Ordinary consumers will also feel the severe impact of the 74c/l hike in petrol and 91c/l hike in diesel, as increased transport costs will likely fuel food price inflation.
FNB Agribusiness information and marketing head Dawie Maree said both petrol and diesel were used for tillage, harvesting, machinery and transportation – making them critical components for both smallscale and commercial farmers.
Maree said the industry had already been dealt a big blow when finance minister Tito Mboweni announced an increase of about 30c/l for diesel, with effect from April 1.

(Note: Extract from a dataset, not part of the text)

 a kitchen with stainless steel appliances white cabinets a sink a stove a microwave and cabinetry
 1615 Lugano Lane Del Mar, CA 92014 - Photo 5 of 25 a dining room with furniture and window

“Given that 70% of SA’s food is transported by road, the increase in the diesel price will have a negative impact on food inflation, and the disposable income of consumers who are already struggling to make ends meet,” Maree said.
Adding a similar voice of concern, South African Chamber of Commerce and Industry CEO Alan Mukoki said the chamber was concerned that fuel price increases would lead to inflationary pressures on the economy.
He said the hike could lead to potential interest rate increases and an increasingly difficult environment for economic growth.
Mukoki said the chamber acknowledged the government’s attempt to lessen the blow for consumers by implementing the price hike in stages.
“However, taken over a period, the effect will still be negative,” Mukoki said.
“We urge the government to make every endeavour to trim unnecessary, wasteful and reckless expenditure with an idea to reduce the various levies on the price of fuel.
“This cost of energy input is already overtaxed.
“An economy whose energy input costs keep rising and are not commensurate with economic growth and job creation is bound to hit turbulence,” Mukoki said.